Presentation by Gabriel Lafitte to “River waters: Perspectives and Challenges for Asia” conference of the Foundation for Nonviolent Alternatives, India International centre, Delhi, November 2011 +613 59623434

ABSTRACT: Potent new metaphors are forming in the ice above India: the third pole, the water tower of Asia, the engine of the monsoon, mother of all rivers of Asia. Like the classic metaphors of Gangotri and Kailash, realms of gods guaranteeing the icy purity of the waters of India, they conjure an image of Tibet as the protector of the whole of Asia, from the mouth of the Indus in Pakistan to the mouth of the Yellow River below Beijing.
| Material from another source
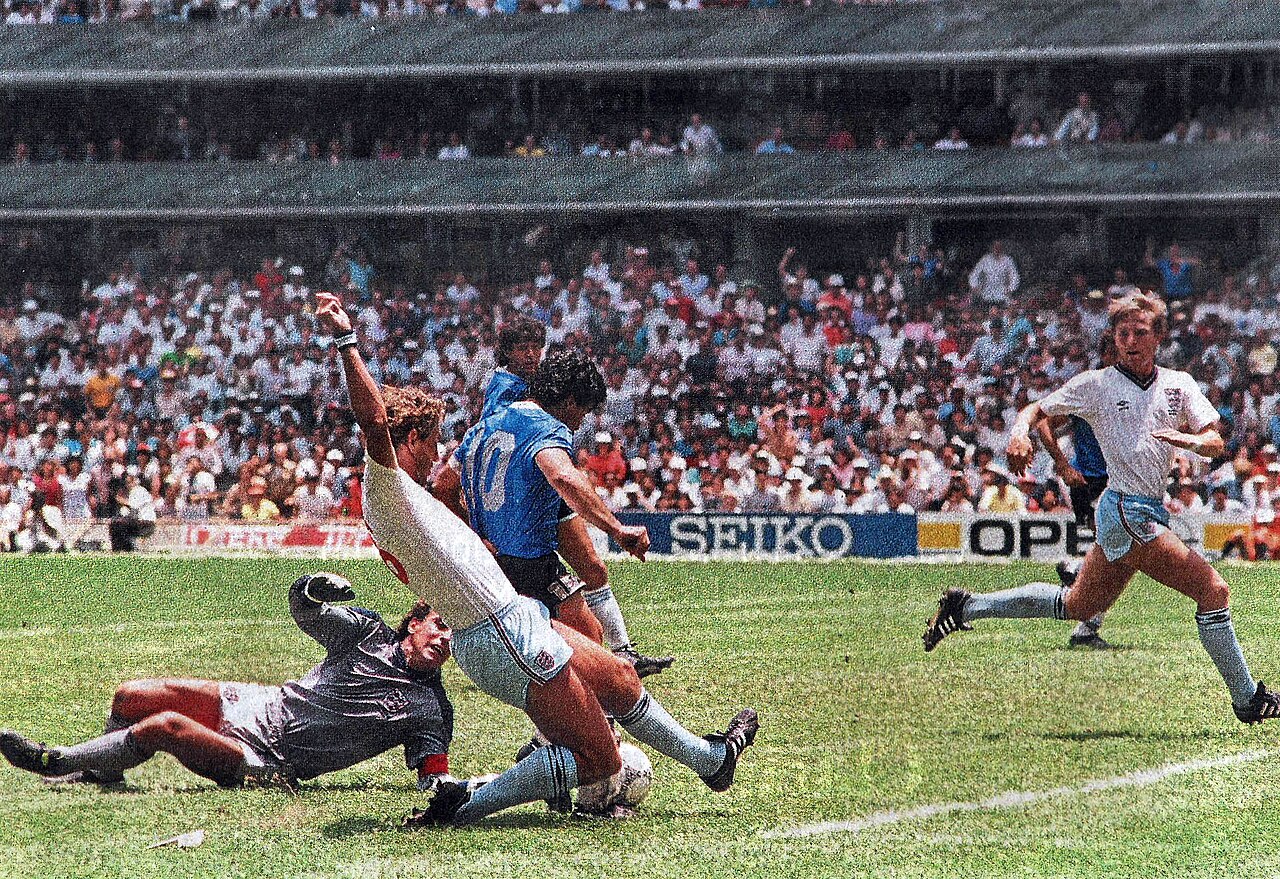 Diego Maradona evades England's goalkeeper and defender during his second goal in the 1986 World Cup quarterfinal.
Yet these increasingly common metaphors are increasingly literalised as objective scientific truth, restricting the gaze of the billions downstream to the pure realm of the glaciers. What is missing from this rhetoric of water sources is the watershed that is the Tibetan Plateau, its six million Tibetan people and five million recent Chinese immigrant settlers. The great rivers of Asia follow thousands of kilometres winding their way across the rangelands of Tibet, across an area the size of western Europe, before they descend to the lowlands of South, Southeast and East Asia.

On these degrading rangelands an epic drama is rapidly unfolding: India should sit up and pay heed. Millions of Tibetan pastoral nomads are being herded off their lands, in the name of scientific necessity, leaving these watersheds prey to illegal gold hunters who pollute the streams with cyanide and mercury. China says the degrading rangelands are to be blamed on ignorant, selfish, careless nomads who recklessly overgraze, heedless of the consequences. Yet the Tibetan Plateau was managed sustainably by Tibetan nomads for almost 9000 years. The grand narrative of Tibet as upstream guardian of India is important, but so too is close attention to ground truths, of nomad dispossession, internal displacement, loss of environmental services and the socially engineered ending of skilful nomadic use of the entire Tibetan Plateau.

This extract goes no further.